Black Friday hit critical mass in Britain last year when Asda, which is owned by America’s biggest retailer Walmart, ran flash promotions within stores. There were chaotic scenes as consumers rushed to pick up tablet computers for £49, 32-inch LED televisions for £99, and a Black & Decker drill for £39, all of which were sold on a first-come first-served basis.

However, this year, the day is expected to be even busier. Black Friday 2014, scheduled for November 28, should be the biggest online shopping day ever in the UK.

Christopher North, managing director of, said: “Black Friday took an incredible leap forward in 2013 with so many more customers taking advantage of the great deals on that day, resulting in sales of over 4m items for the very first time in our history.

“This year, we are offering more deals and savings than ever before and we are expecting record numbers to benefit from Black Friday Deals Week.”

Amazon will offer more than 3,000 deals during the week running up to Black Friday, 10 times the amount it offered in 2010. In 2013 it laid on discounts on the PlayStation 3, signed albums, Canon cameras, DVDs, and toys. This helped Amazon’s sales volumes on Black Friday to grow 160pc compared to its first effort in 2010.

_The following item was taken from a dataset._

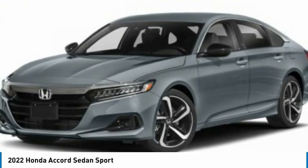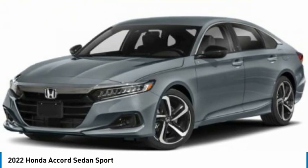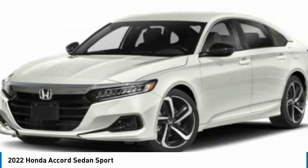Take a look at the 2022 Accord. Ingeniously simple, yet overflowing with luxury and technological creativity. All that and more in the Accord.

The company is keeping this year’s offers close to its chest, as are most retailers. However, Amazon has confirmed it will start offering deals on Monday November 24 and new flash promotions will launch every 10 minutes, meaning shoppers will be encouraged to keep checking the website.

That Monday is expected to spark an online shopping spree that will last until Christmas. Last year, Amazon booked 4m orders on Black Friday. However, this was then beaten by the 4.1m orders on the following Monday, December 2, which has been dubbed “Cyber Monday” because it is the day millions of Brits order their Christmas presents online.

Analysts expect this year’s Black Friday to set new records for online sales, particularly because it falls on payday. However, they are split about whether these records will then be beaten by Cyber Monday and “Manic Monday”, the second Monday of December, which has become increasingly popular with consumers as they leave their Christmas shopping later.

Data from Experian show traffic to retail websites grew by 120pc on Manic Monday last year. However, Adobe data forecast that Monday December 1 – this year’s Cyber Monday – will be the busiest shopping day, with consumers spending £281m, the equivalent of £4.39 per person.

Whenever the peak is, British retailers are approaching a pivotal period. The Christmas season, including Black Friday, accounts for more than a fifth of annual sales for the industry.

Evidence suggests that Black Friday is accelerating the online shopping revolution and changes in shopping habits.

Andy Street, the managing director of John Lewis, has said Black Friday will be “huge” this year. Street claimed Black Friday has brought some Christmas spending forward and also highlights how many people are now using their smartphones and tablets to shop. On Black Friday last year, traffic to peaked between 7am and 8am at levels 14 times higher than anything the department store retailer had seen before.

But Black Friday will not just be an online event – high street stores and supermarkets will be running flash sales in shops too. For John Lewis, Black Friday is a crucial test of its “never knowingly undersold” pledge. This promise means that John Lewis will have to match the prices offered by rivals on products within its department store, as well as offering its own deals.

The retailer plans to open its stores at 8am on Black Friday and will be offering around 100 deals, mainly on electricals.

Mark Lewis, online director at John Lewis, said: “Black Friday has definitely become one of the key dates in the UK’s shopping calendar.

“Following steady growth over the last few years, Black Friday really emerged in the UK in 2013, when we saw the day break our previous records for a single day’s online trade.

“Now that customers are aware of the date and expecting it, we anticipate that this year’s Black Friday will be bigger still.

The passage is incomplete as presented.